Web page caption snippets:

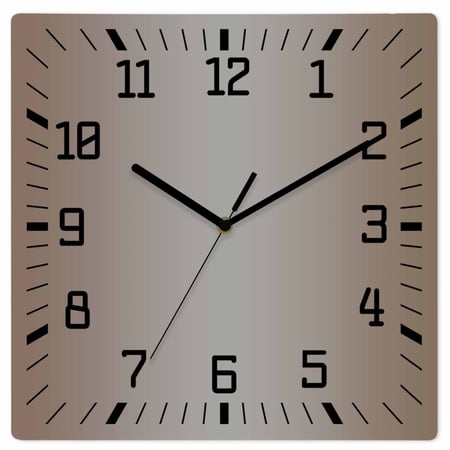 Brown Gray Ombre Wooden Wall Clock Silent Non Ticking, Modern Gradient Abstract Art Square Wall Clocks Battery Operated, Decor Clock for Home Office, Living Room, Kitchen, 12 Inch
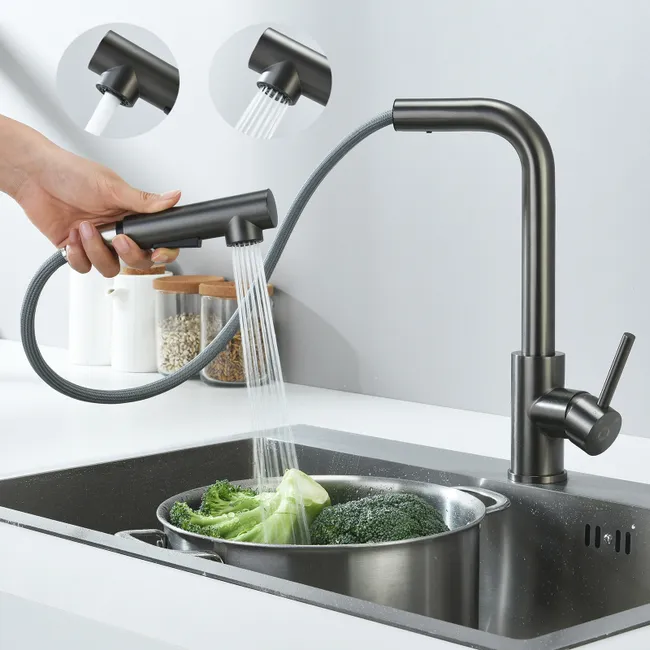 Bateria kuchenna z wyciąganą wylewką, obrotowa o 360° wykonana ze stali nierdzewnej, bateria kuchenna do zlewu z 2 funkcjami, mieszacz kuchenny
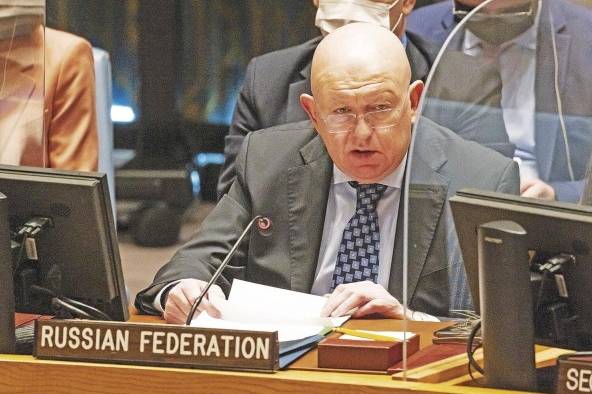 El embajador ruso ante la ONU, Vasili Nebenzia El embajador ruso ante la ONU, Vasili Nebenzia
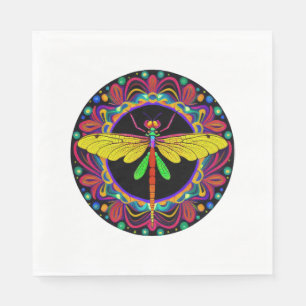 Dragonfly Beautiful, colourful, and ornate Napkin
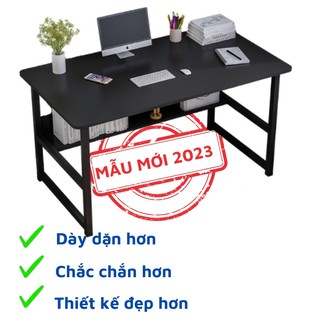 Bàn làm việc KT 1m mặt bo góc an toàn, bàn học khung sắt sơn tĩnh điện mặt gỗ mdf chống ẩm chống xước lắp ráp đơn giản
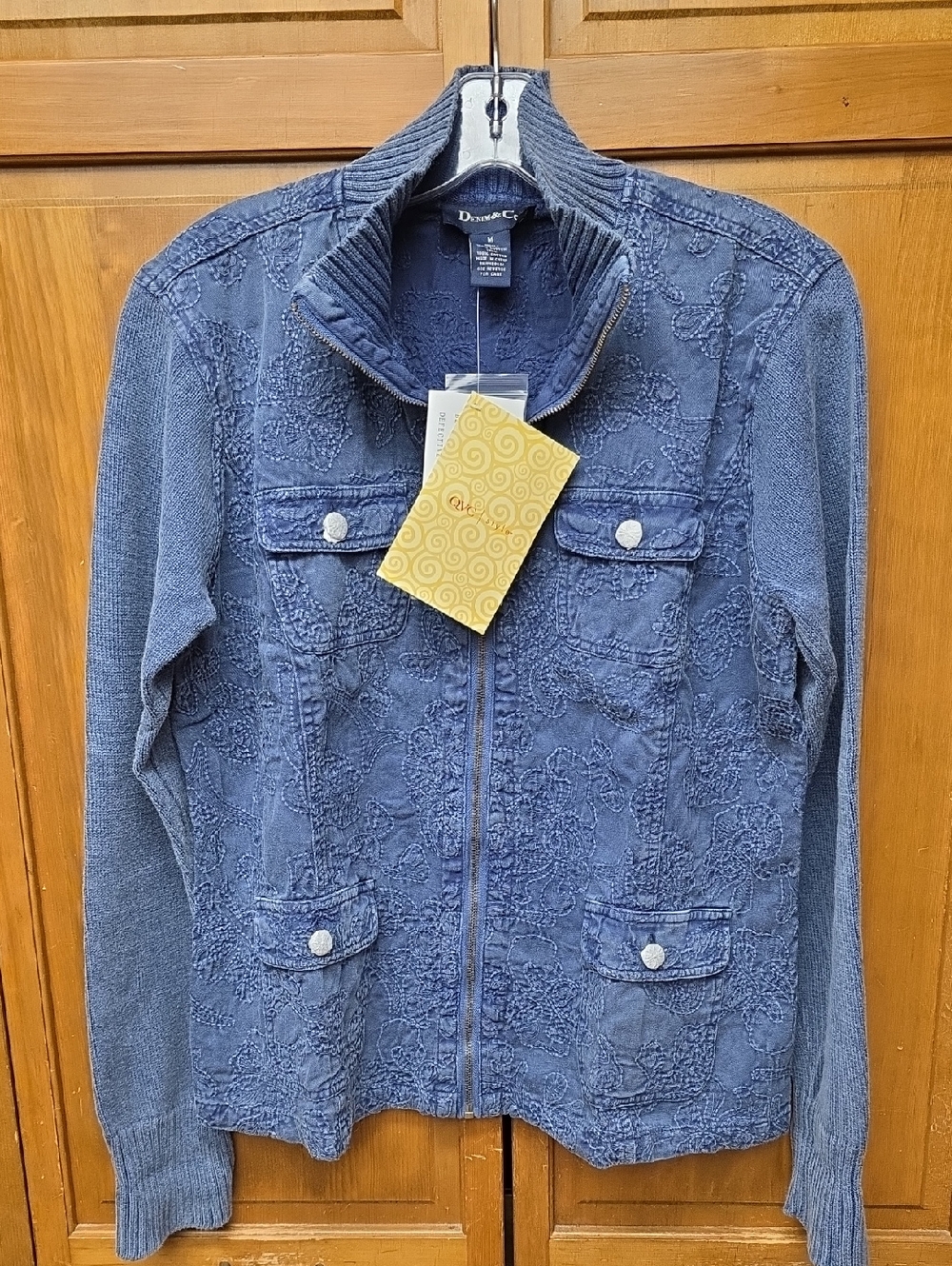 NEW Denim & Co Blue Embroidered Zip Front Jacket Sweater Knit Sleeves NWT Size M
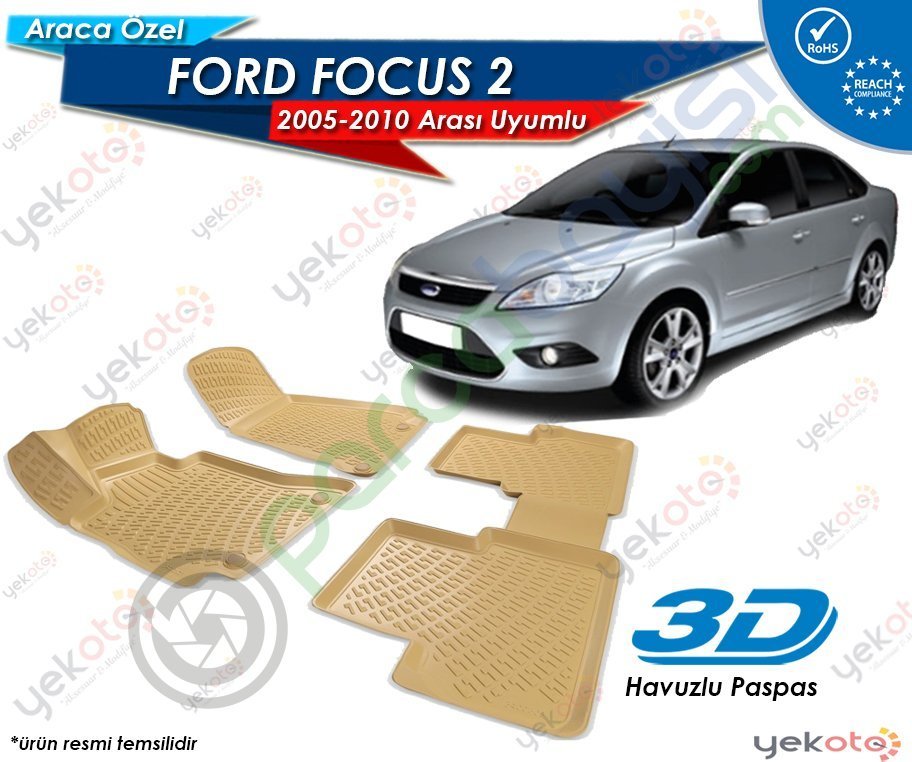 Ford Focus 2 2005-2010 Arası Uyumlu Bej Araca Özel 3D Havuzlu Paspas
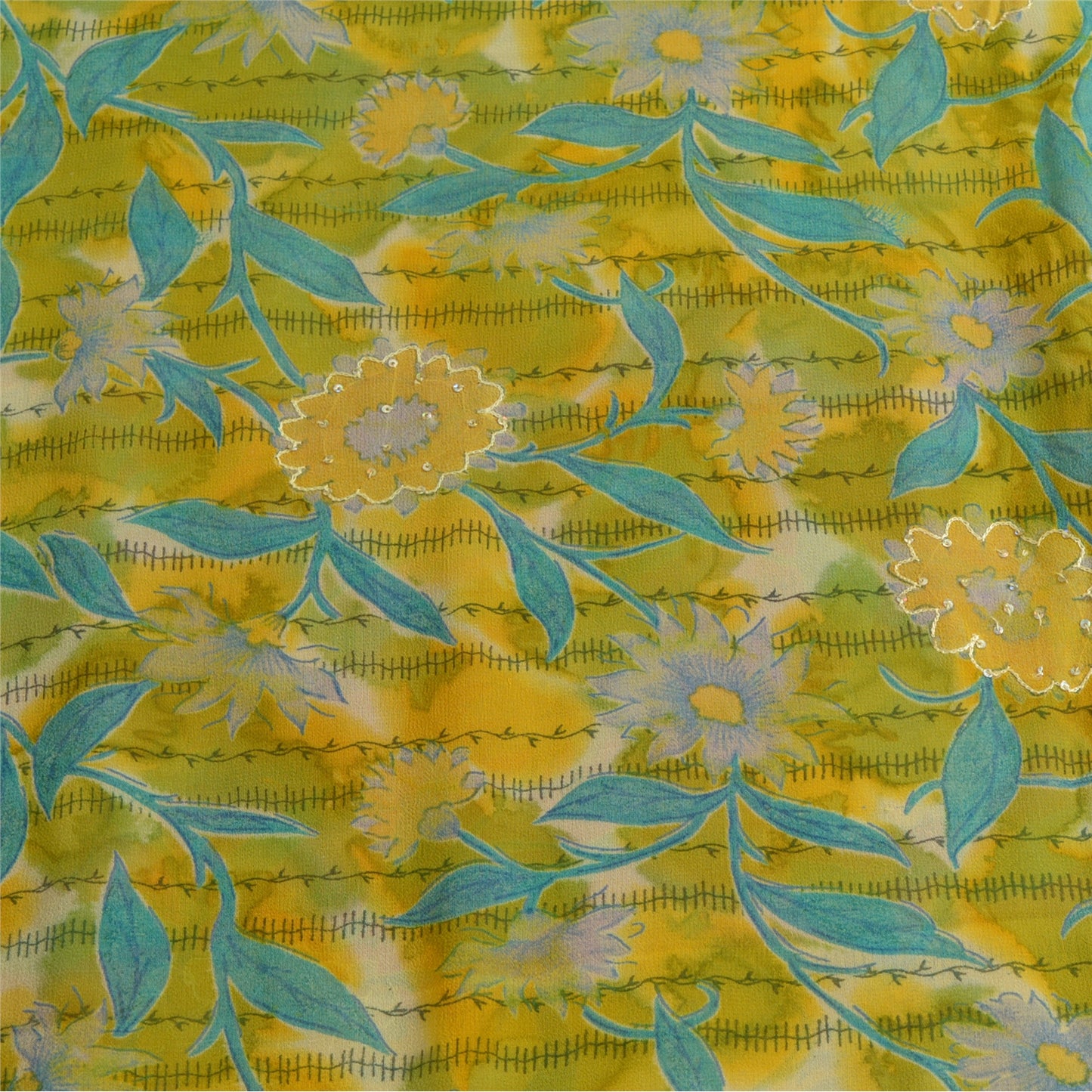 Sanskriti Vintage Sarees Yellow Hand Beaded Pure Georgette Silk Sari 5yd Sustainable Fabric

#### [THE PROBLEM]
Reproduce the lines above letter for letter. The pictures stay behind.

#### [COMPLETED EXERCISE]
 Brown Gray Ombre Wooden Wall Clock Silent Non Ticking, Modern Gradient Abstract Art Square Wall Clocks Battery Operated, Decor Clock for Home Office, Living Room, Kitchen, 12 Inch
 Bateria kuchenna z wyciąganą wylewką, obrotowa o 360° wykonana ze stali nierdzewnej, bateria kuchenna do zlewu z 2 funkcjami, mieszacz kuchenny
 El embajador ruso ante la ONU, Vasili Nebenzia El embajador ruso ante la ONU, Vasili Nebenzia
 Dragonfly Beautiful, colourful, and ornate Napkin
 Bàn làm việc KT 1m mặt bo góc an toàn, bàn học khung sắt sơn tĩnh điện mặt gỗ mdf chống ẩm chống xước lắp ráp đơn giản
 NEW Denim & Co Blue Embroidered Zip Front Jacket Sweater Knit Sleeves NWT Size M
 Ford Focus 2 2005-2010 Arası Uyumlu Bej Araca Özel 3D Havuzlu Paspas
 Sanskriti Vintage Sarees Yellow Hand Beaded Pure Georgette Silk Sari 5yd Sustainable Fabric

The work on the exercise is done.